A Case Study in Rx for Maintenance-Intensive Cooling Towers

06/24/2005


Metal cooling towers lined with galvanizing or other coatings have been around for a long time—in many instances, far too long. Like an aging fighter, decades-old metal cooling towers frequently become high-maintenance, while performance drops off sharply. Over time, these towers are increasingly thin-skinned and inefficient, and can cause unscheduled process disruptions.

Secondary damage can also be caused by chronic “leakers,” and outdated tower fans and motors often consume more energy than necessary. All of this adds up to a classic “money pit” for facility maintenance personnel that rely on cooling towers to support HVAC equipment.
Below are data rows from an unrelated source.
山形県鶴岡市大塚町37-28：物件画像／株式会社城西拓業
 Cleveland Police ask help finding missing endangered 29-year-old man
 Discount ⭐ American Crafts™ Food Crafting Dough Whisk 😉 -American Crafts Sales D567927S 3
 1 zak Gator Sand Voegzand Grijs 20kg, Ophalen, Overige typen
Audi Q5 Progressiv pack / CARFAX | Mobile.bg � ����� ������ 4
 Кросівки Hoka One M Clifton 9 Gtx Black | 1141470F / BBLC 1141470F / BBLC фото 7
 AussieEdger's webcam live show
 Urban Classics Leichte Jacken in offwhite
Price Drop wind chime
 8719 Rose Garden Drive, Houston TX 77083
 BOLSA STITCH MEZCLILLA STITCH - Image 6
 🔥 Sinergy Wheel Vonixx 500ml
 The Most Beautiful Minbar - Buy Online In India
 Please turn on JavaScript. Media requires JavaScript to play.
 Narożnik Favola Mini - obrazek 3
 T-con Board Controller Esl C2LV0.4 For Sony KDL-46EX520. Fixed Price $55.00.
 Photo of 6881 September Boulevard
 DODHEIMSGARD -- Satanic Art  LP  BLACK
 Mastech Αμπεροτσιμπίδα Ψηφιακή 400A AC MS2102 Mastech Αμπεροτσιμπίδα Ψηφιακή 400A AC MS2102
In the past, the prevailing cure for a leaking or corroding cooling tower was simple (although not easy). You either repaired it or replaced it. However, repairs such as re-skinning or coating tower linings often take weeks and shut down critical processes if maintenance isn't already scheduled. Welding patches on galvanized linings might work, but typically not for long.

 

”We were spending between $5,000 and $10,000 a year on cooling tower repairs—patching metal, putting in rubber seals and gasketing. In other words, Band-aid fixes just to keep the tower from leaking,” says Marvin Richer, owner of the Crystal Lake University Center, a facility using the cooling tower on an absorption-chiller.

 

On the other hand, replacing towers is time-consuming and expensive, as is the installation of additional towers to increase cooling capacity.

 

”Given our choices, we were most likely going to install a new tower similar to the old one,” Richer says. “But first I wanted to look into a new plastic type of cooling tower that was said to be more reliable and require less maintenance than the old-fashioned metal-lined models.”

 

What Richer was looking for has become a new prescription for replacing ailing cooling towers or adding capacity: engineered molded plastic cooling towers. Just as advanced plastics have replaced metal in many high-tech and industrial applications, plastics also offer a remarkably comprehensive solution to the chronic deficiencies of metal-skinned cooling towers.

 

When selecting cooling towers, the focus of any engineer beyond efficiently meeting duty requirements is on reliability, reduced maintenance and ease of installation. Given these considerations and a choice between metal and plastic towers, many engineers are opting for the latter, which are now high-capacity, lightweight, and often more energy efficient.

 

”As the tower got older not only did we have ongoing leak problems, we started to have a structural problem,” Richer explains. “Water is pretty heavy, and the tanks that hold the water on the bottom were getting heavier and heavier as we added more and more materials to fix the leaks. All that weight was beginning to bend the structural members that held the cooling tank together.”

 

Metal cooling towers like Brock Equipment's are also subjected to constant changes in pH, requiring chemical treatments that attack the galvanized metal lining, essentially wearing it out in just a year or so. Environmental conditions such as sunlight, pollution, salt air, and harsh process chemicals may also contribute to galvanized steel's early demise. With this inherent vulnerability, metal-lined cooling towers generally carry only a one-year warranty.

 

In the past, plastic cooling towers were considered “too small” for many comfort cooling applications. For that reason, galvanized metal cooling towers were deemed the primary choice for packaged applications above 250 tons. Unfortunately, over time these galvanized metal towers have recurring maintenance costs and costly process downtime.

 

However, factory-assembled plastic towers can now be combined to provide up to 2,000 cooling tons in a single, modularized unit. Modular cooling towers also facilitate an extra margin of cooling capacity that can be advantageous in adjusting to operational heat load or outflow changes, or in upgrading to meet future cooling requirements.

 

The modular design of plastic cooling towers has also introduced new flexibility in conserving valuable real estate. By molding towers in a rectangular shape, some manufacturers enable users to cluster cooling towers in a group that occupies a much smaller footprint.

 

”With the new system we actually got more cooling with less tower,” says Richer. “Our old 45x20x18 metal cooling tower was replaced by a lightweight plastic model that is only half that size, yet has slightly greater cooling capacity.”